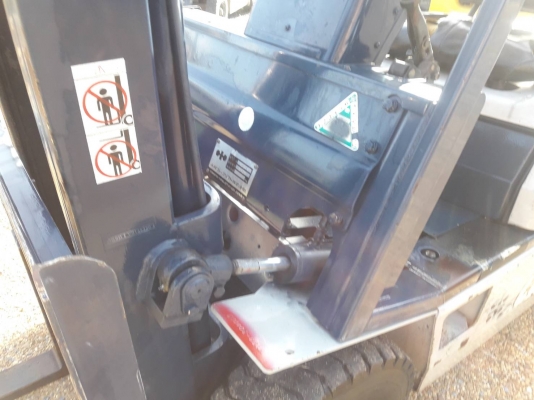 ขายรถยก KOMATSU FG15-15 เครื่องเบนซิน เกียร์ธรรมดา ยกได้1.5ตัน เสา3เมตร ยางลมหน้าตันหลัง ติดต่อ 098-7962549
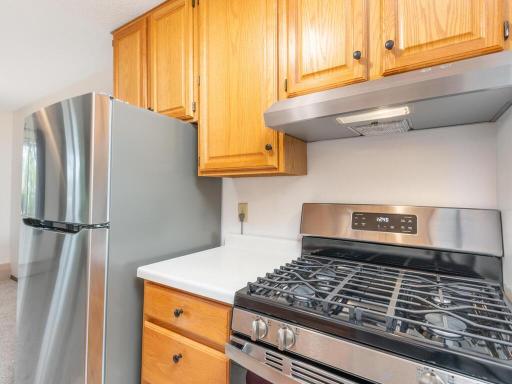 4101 Parklawn Ave Apt 130 Edina MN 55435 USA-016-010-Parklawn Ave Unit 130 Edina13-MLS_Size.jpg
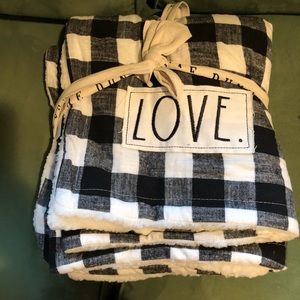 Rae Dunn LOVE throw black/white Buffalo Plaid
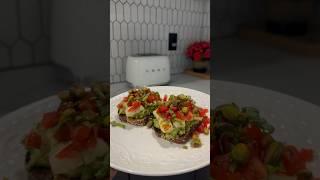 A MUST try Avocado Toast #shorts#breakfastideas#avocadotoast#easyrecipe#healthyrecipes#авокадо
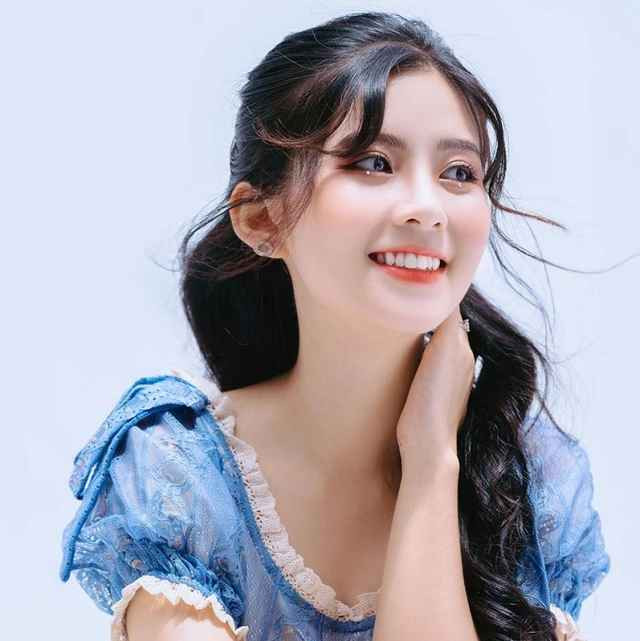 Sau 4 năm, Quỳnh Trang không có nhiều thay đổi về phong cách. Cô nàng vẫn trung thành với gu ngọt ngào, nữ tính, phù hợp với tính cách nhẹ nhàng, bay bổng của cô.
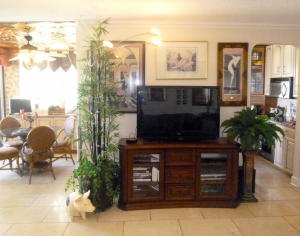 EASTPOINTE CONDO - Residential Lease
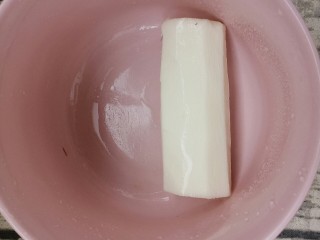 5、炒木耳山药,去皮，山药去皮处理的时候要戴手套，因为山药很容易引起过敏手痒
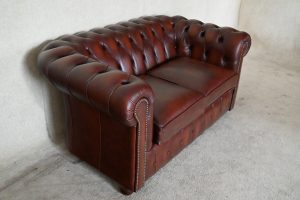 2+1+1 Chesterfield Burnley Set is een stijlvolle en compacte keuze,. Elegantie in een iets kleiner formaat.#245157-245158-245159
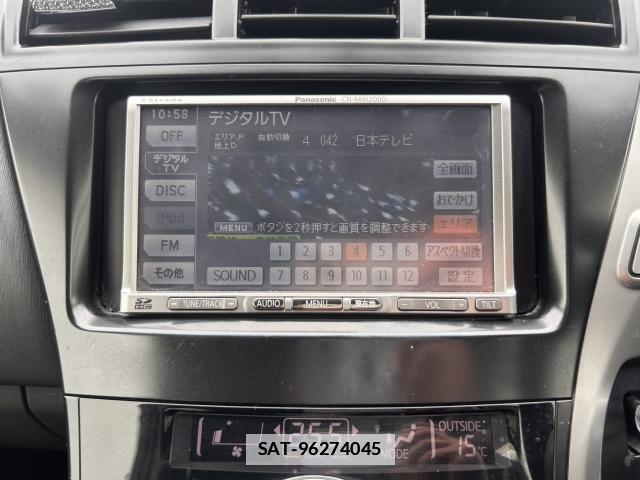 Toyota PRIUS ALPHA 2012-01 7806367-4
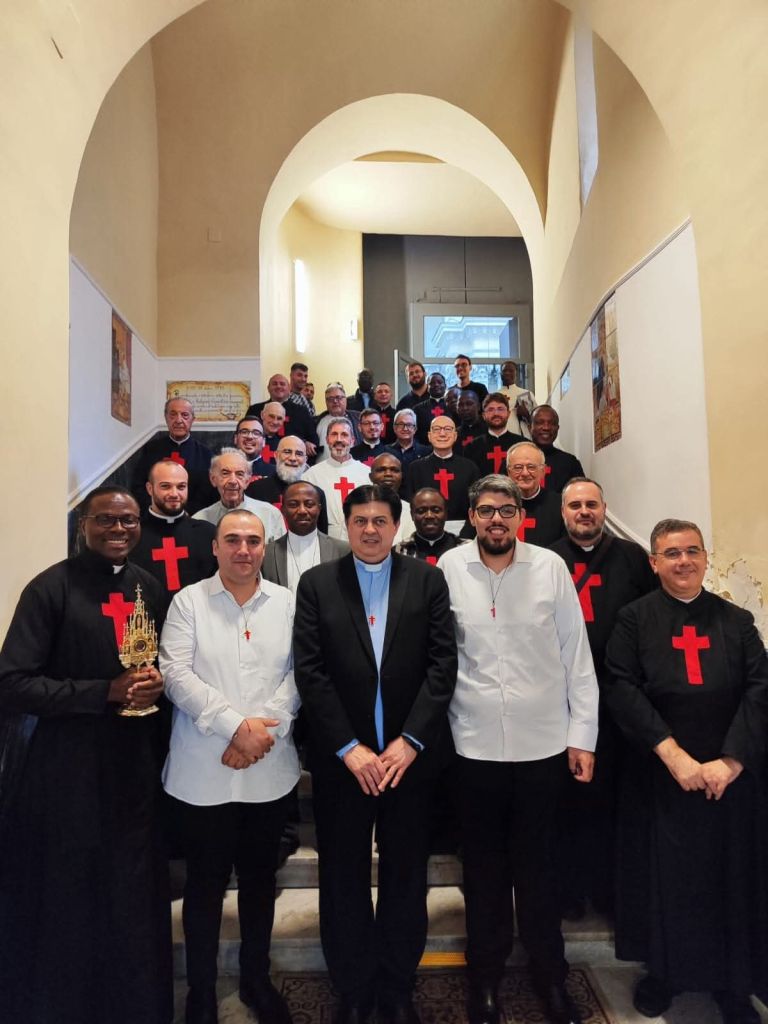 Foto fidi gruppo dei fratelli della provincia siculo napoletana con il superiore generale
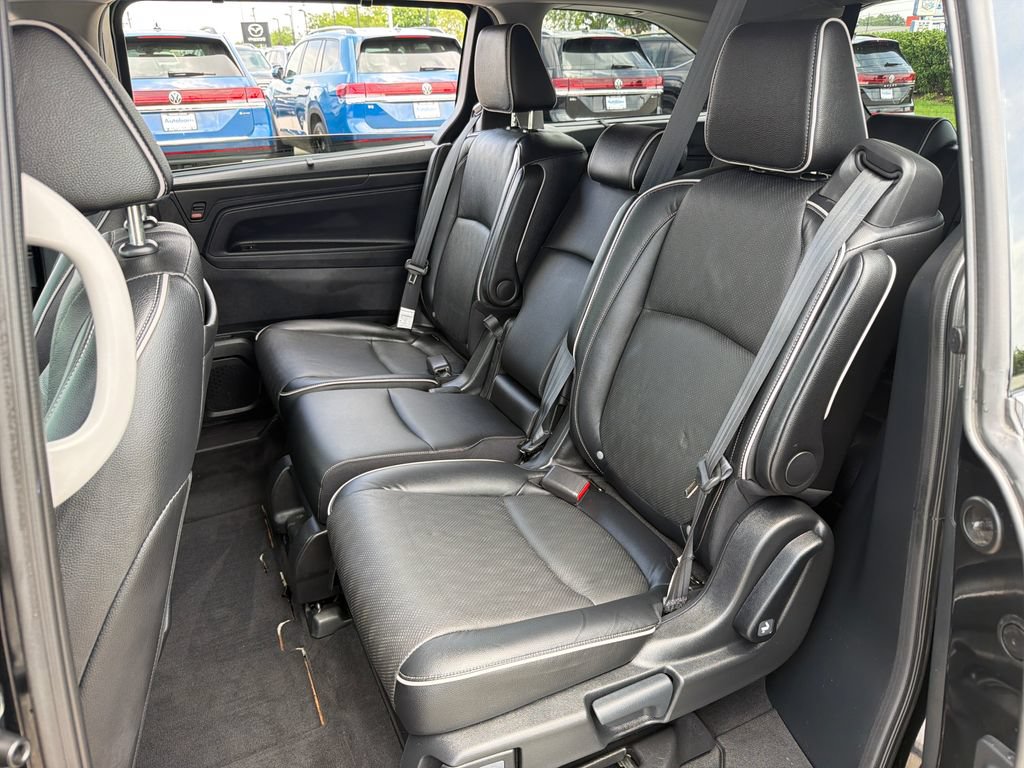 Used 2023 Honda Odyssey Elite image 24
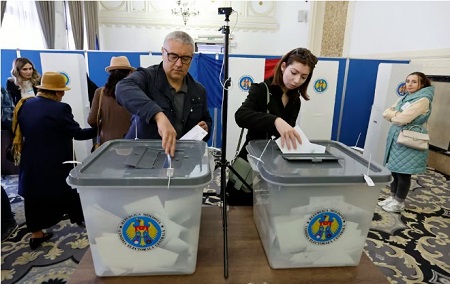 Moldova warns of Russian ‘disruptive’ moves against overseas voting in Sunday’s runoff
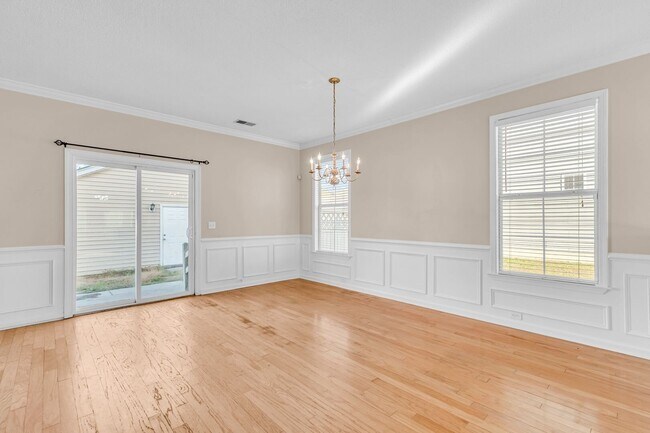 Building Photo - 16 Bushwood Dr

_WHAT THE TASK ASKS_: Above, find the line holding "4101 Parklawn Ave" and the line holding "A MUST try Avocado". Print exactly those two lines and every line between them, but no pictures.

_RESPONSE_:
 4101 Parklawn Ave Apt 130 Edina MN 55435 USA-016-010-Parklawn Ave Unit 130 Edina13-MLS_Size.jpg
 Rae Dunn LOVE throw black/white Buffalo Plaid
 A MUST try Avocado Toast #shorts#breakfastideas#avocadotoast#easyrecipe#healthyrecipes#авокадо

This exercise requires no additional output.